Alexander Terenin, Dan Simpson, and David Draper just arXived a paper on an alternative brand of Gibbs sampler, which they think can revolutionise the sampler and overcome its well-known bottlenecks. David had sent me the paper in advance and thus I had time to read it in the plane to Calgary. (This is also the very first paper I see acknowledging a pair of trousers..! With no connection whatsoever with bottlenecks!)

“Note that not all updates that are sent will be received by all other workers: because of network traffic congestion and other types of failures, a significant portion of the updates will be lost along the way.”

The approach is inherently parallel in that several “workers” (processors or graphical units) run Gibbs samplers in parallel, using their current knowledge of the system. This means they update a component of the model parameter, based on the information they have last received, and then send back this new value to the system. For physical reasons, there is not instantaneity in this transmission and thus all workers do not condition on the same “current” value, necessarily. Perceiving this algorithm as a “garden of forking paths” where each full conditional uses values picked at random from a collection of subchains (one for each worker), I can see why the algorithm should remain valid.

“Thus, the quality of this [ABC] method rises and falls with the ingenuity of the user in identifying nearly-sufficient statistics.”

It is also clear that this approach allows for any degree of parallelisation. However, it is less clear to me why this should constitute an improvement. With respect to the bottlenecks mentioned at the beginning of the paper, I do not truly see how the large data problem is bypassed. Except in cases where conditionals only depend on small parts of the data. Or why large dimensions can be more easily managed when compared with a plain Gibbs sampler or, better, parallel plain Gibbs samplers that would run on the same number of processors. (I do not think the paper runs the comparison in that manner, using instead a one-processor Gibbs sampler as its benchmark. Or less processors in the third example.) Since the forking paths repeatedly merge back at aperiodic stages, there is no multiplication or clear increase of the exploratory abilities of the sampler. Except for having competing proposed values [or even proposals] selected randomly. So maybe reaching a wee bit farther from time to time.
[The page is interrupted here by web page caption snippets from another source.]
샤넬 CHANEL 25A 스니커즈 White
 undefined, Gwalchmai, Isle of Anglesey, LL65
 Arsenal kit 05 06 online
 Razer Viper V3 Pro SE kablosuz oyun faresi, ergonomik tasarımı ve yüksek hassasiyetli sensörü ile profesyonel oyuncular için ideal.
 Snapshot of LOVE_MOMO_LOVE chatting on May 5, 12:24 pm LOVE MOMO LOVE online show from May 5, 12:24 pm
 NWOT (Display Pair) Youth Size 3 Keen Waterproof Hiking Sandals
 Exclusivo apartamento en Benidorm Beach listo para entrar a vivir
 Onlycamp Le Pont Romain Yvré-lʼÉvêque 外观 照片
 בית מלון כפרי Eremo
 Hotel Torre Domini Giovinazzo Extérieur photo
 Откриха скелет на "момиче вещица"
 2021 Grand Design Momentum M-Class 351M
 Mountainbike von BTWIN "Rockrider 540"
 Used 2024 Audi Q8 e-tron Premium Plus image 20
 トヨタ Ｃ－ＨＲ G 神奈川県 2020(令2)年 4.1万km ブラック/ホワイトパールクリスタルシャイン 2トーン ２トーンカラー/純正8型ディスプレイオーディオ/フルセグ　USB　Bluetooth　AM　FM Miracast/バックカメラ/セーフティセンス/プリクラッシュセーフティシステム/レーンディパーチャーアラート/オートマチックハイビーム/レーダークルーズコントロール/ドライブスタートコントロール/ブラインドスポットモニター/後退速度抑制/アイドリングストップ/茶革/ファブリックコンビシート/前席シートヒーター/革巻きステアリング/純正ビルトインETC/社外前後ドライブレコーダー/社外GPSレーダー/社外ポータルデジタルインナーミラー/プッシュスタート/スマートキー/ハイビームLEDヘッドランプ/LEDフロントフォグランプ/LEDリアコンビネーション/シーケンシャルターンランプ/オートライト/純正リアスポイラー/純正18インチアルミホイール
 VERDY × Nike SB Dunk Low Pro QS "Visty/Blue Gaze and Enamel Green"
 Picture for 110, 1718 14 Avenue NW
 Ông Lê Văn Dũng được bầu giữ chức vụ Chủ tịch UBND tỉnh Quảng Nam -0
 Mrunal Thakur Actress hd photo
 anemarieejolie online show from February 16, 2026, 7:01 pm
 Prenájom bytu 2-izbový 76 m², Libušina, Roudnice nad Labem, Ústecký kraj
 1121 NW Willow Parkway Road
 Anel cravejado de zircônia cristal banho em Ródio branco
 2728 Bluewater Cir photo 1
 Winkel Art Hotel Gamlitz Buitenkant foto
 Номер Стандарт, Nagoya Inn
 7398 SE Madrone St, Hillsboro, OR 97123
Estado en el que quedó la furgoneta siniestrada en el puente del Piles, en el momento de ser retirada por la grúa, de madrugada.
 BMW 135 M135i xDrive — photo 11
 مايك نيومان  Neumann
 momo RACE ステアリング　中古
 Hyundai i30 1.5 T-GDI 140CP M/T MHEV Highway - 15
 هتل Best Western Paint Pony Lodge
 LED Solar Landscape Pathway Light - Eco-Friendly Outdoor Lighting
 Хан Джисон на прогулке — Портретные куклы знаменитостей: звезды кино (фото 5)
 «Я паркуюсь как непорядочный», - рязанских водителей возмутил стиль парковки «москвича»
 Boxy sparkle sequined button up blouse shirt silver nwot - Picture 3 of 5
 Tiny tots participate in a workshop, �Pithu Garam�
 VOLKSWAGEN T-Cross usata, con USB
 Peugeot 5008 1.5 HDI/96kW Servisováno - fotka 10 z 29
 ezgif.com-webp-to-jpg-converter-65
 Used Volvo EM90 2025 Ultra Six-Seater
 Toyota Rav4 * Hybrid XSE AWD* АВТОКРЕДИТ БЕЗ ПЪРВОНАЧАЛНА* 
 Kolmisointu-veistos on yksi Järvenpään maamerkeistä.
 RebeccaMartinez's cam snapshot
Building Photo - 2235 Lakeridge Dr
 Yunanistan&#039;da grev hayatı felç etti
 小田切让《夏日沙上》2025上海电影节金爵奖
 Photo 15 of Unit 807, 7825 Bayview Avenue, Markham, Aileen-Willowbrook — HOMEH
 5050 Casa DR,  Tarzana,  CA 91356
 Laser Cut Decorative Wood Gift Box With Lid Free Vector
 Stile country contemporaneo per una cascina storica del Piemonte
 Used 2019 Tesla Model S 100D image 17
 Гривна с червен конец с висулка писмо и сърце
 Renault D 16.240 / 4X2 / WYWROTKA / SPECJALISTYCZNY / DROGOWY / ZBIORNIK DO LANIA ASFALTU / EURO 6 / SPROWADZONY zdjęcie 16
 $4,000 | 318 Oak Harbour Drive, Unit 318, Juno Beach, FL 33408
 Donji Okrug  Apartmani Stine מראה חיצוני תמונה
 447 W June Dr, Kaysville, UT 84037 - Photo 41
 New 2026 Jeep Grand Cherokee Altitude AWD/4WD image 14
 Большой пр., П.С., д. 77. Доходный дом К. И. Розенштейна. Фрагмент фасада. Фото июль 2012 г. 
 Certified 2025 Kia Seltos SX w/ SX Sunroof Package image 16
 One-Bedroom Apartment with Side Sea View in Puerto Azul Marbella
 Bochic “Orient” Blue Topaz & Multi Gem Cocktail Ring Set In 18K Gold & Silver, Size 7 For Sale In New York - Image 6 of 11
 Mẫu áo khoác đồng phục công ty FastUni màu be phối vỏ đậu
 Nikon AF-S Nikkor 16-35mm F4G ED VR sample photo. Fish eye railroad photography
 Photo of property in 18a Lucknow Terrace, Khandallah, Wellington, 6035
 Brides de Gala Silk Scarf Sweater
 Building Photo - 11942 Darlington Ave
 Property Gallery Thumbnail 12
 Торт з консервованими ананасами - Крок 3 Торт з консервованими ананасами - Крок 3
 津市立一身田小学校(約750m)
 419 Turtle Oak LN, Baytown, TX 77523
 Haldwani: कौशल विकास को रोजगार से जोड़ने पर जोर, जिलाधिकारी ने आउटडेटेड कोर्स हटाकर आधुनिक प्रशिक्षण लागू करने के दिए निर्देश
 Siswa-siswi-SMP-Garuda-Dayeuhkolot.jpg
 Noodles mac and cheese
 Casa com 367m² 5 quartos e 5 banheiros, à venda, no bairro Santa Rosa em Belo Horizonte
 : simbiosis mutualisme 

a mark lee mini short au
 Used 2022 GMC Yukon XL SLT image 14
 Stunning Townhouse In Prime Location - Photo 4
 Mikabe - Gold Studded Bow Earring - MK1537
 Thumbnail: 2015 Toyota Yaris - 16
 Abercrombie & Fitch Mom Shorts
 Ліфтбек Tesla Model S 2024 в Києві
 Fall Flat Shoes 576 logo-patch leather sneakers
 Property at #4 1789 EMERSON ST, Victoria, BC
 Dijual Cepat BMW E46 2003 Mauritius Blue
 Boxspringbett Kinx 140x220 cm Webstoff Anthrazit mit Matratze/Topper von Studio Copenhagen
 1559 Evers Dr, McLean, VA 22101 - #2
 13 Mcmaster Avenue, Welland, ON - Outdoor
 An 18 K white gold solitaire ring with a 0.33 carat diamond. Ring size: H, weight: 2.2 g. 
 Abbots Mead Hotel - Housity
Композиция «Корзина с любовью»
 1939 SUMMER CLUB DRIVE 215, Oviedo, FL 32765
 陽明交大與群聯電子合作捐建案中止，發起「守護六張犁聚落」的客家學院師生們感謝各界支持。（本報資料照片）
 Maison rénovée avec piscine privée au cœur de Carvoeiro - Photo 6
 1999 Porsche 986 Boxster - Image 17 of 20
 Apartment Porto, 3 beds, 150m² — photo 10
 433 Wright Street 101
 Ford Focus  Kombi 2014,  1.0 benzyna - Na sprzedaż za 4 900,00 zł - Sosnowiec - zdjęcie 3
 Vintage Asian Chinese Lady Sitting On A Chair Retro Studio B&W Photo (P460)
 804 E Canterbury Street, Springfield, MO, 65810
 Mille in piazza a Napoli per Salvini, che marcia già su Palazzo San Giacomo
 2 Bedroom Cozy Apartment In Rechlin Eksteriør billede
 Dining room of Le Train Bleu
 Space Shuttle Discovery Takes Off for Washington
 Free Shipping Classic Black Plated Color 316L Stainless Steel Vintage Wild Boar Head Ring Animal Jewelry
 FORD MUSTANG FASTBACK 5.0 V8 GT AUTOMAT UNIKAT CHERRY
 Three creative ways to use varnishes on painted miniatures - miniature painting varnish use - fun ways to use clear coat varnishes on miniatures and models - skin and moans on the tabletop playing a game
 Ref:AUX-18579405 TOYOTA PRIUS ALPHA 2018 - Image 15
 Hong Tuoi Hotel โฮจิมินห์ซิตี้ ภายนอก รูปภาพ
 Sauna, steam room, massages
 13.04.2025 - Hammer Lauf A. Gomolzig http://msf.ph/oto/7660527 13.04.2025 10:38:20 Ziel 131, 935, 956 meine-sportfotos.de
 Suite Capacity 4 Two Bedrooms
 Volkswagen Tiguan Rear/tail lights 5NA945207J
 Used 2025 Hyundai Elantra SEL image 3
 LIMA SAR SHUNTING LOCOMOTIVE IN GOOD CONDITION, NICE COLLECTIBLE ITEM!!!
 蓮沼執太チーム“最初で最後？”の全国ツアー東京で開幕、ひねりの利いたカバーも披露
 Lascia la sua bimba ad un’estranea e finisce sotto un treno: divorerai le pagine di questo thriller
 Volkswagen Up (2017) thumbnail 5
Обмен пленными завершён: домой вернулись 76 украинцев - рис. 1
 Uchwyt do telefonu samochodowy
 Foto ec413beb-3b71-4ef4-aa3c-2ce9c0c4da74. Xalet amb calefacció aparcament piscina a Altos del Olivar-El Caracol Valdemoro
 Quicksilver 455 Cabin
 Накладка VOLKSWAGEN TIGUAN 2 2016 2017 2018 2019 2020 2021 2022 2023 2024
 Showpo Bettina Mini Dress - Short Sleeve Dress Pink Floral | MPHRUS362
projective covariate selection

Posted in Mountains, pictures, Statistics, Travel, University life with tags , , , , , , , , , , , , , , on October 28, 2014 by xi'an

While I was in Warwick, Dan Simpson [newly arrived from Norway on a postdoc position] mentioned to me he had attended a talk by Aki Vehtari in Norway where my early work with Jérôme Dupuis on projective priors was used. He gave me the link to this paper by Peltola, Havulinna, Salomaa and Vehtari that indeed refers to the idea that a prior on a given Euclidean space defines priors by projections on all subspaces, despite the zero measure of all those subspaces. (This notion first appeared in a joint paper with my friend Costas Goutis, who alas died in a diving accident a few months later.) The projection further allowed for a simple expression of the Kullback-Leibler deviance between the corresponding models and for a Pythagorean theorem on the additivity of the deviances between embedded models. The weakest spot of this approach of ours was, in my opinion and unsurprisingly, about deciding when a submodel was too far from the full model. The lack of explanatory power introduced therein had no absolute scale and later discussions led me to think that the bound should depend on the sample size to ensure consistency. (The recent paper by Nott and Leng that was expanding on this projection has now appeared in CSDA.)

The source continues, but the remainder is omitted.